Ahora recuerdan a sus muertos, y no es fácil perder a gente joven y
vigorosa en el camino de la independencia y su consolidación, pero su
dolor se va mitigando y tienen ahora lo que quieren: fronteras,
seguridad, mucho dinero, buenos servicios… Esto es casi Estados Unidos.

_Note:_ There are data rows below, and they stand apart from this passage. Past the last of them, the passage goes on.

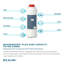 Elkay Wall Mount Bottle Filling Station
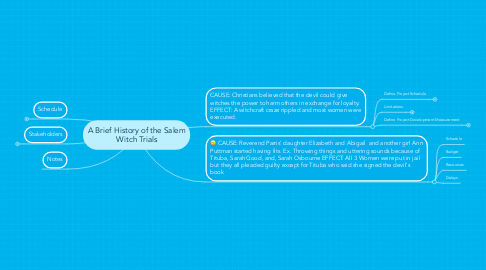 Mind Map: A Brief History of the Salem Witch Trials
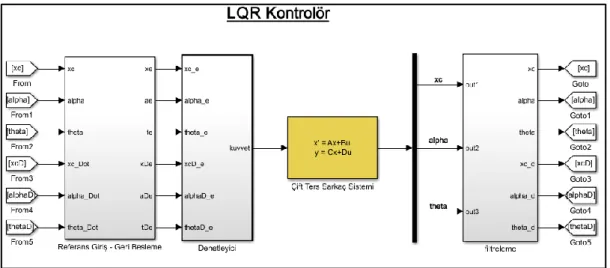 Şekil 3. LQR kontrolör Simulink modeli   Figure 3. LQR controller Simulink model
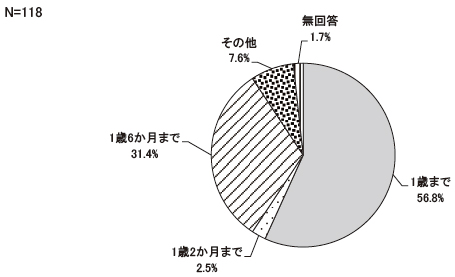 「規定されている」と答えた事業所で、育児休業の対象となる子の年齢は何歳までですか　結果グラフ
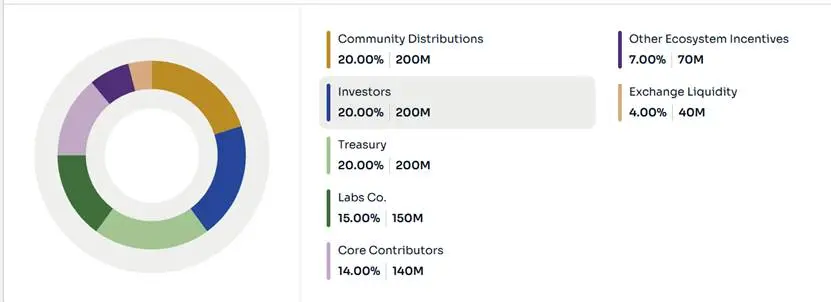 一文读懂 12 个 10 月计划 TGE 项目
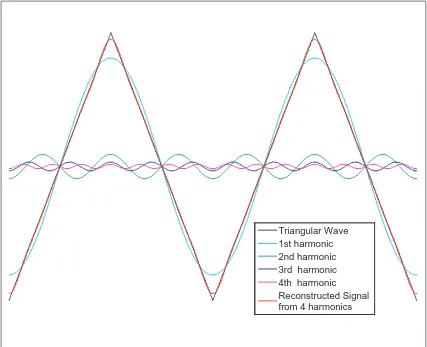 Figure 3.2: Demonstration of phase congruency among the harmonics of a trian-gular wave and reconstructed signal using four harmonics.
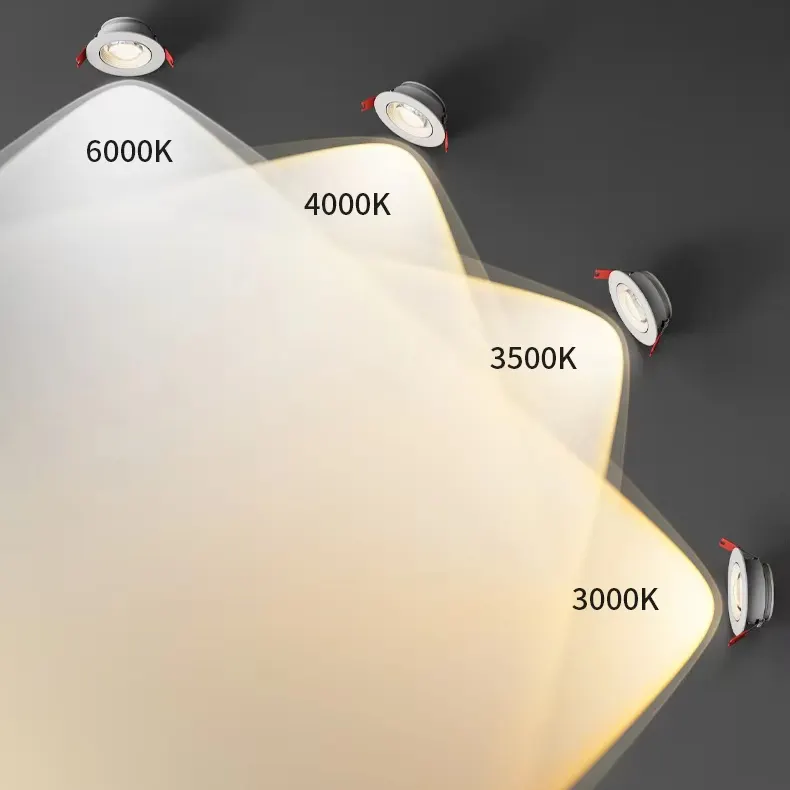 Surface-Mounted Aluminum LED Downlight 7-12W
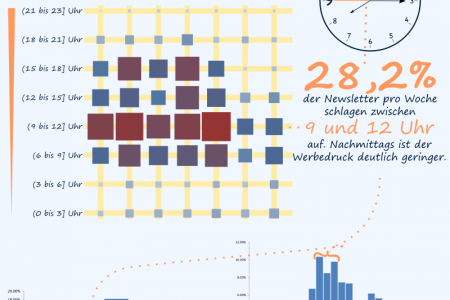 Newsletter timing Infographic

¿Pero qué tiene mi gente?”, se pregunta. Su abuelo, pescador, tuvo que escapar de Jaffa,
un puerto inmemorial hoy integrado en Tel Aviv. 70.000 palestinos,
cristianos como los Bahbah o musulmanes, salieron por mar a Gaza, Egipto
o Líbano. “Nosotros fuimos desplazados a Khan Yunis, y vinimos
a Jerusalén en 1958, gracias a un permiso especial de estudios para mi
padre. Desde pequeña he escuchado los lamentos de mis mayores,
explicando cómo es la vida en un campo de refugiados, he visto a mi abuela Shaza enmarcar la llave de la casa donde nació en Jaffa,
soñando con volver… ¿Y ahora no puedo ni recordarlo?”, se pregunta.
¿Entiende celebraciones como la de la Independencia israelí? Dice que
sí, es que una suerte tener un estado, que es bueno homenajear a quien
peleó por ello. “Pero nosotros no lo tenemos, seguimos sufriendo como en el 48. Parece que sólo nos queda lamentarnos. En eso seguiremos, hasta tener nuestra nación, hasta dejar de sufrir. Que no haya más motivos, en ningún pueblo, para recrear la muerte o recrear el dolor, sino la vida y el futuro“.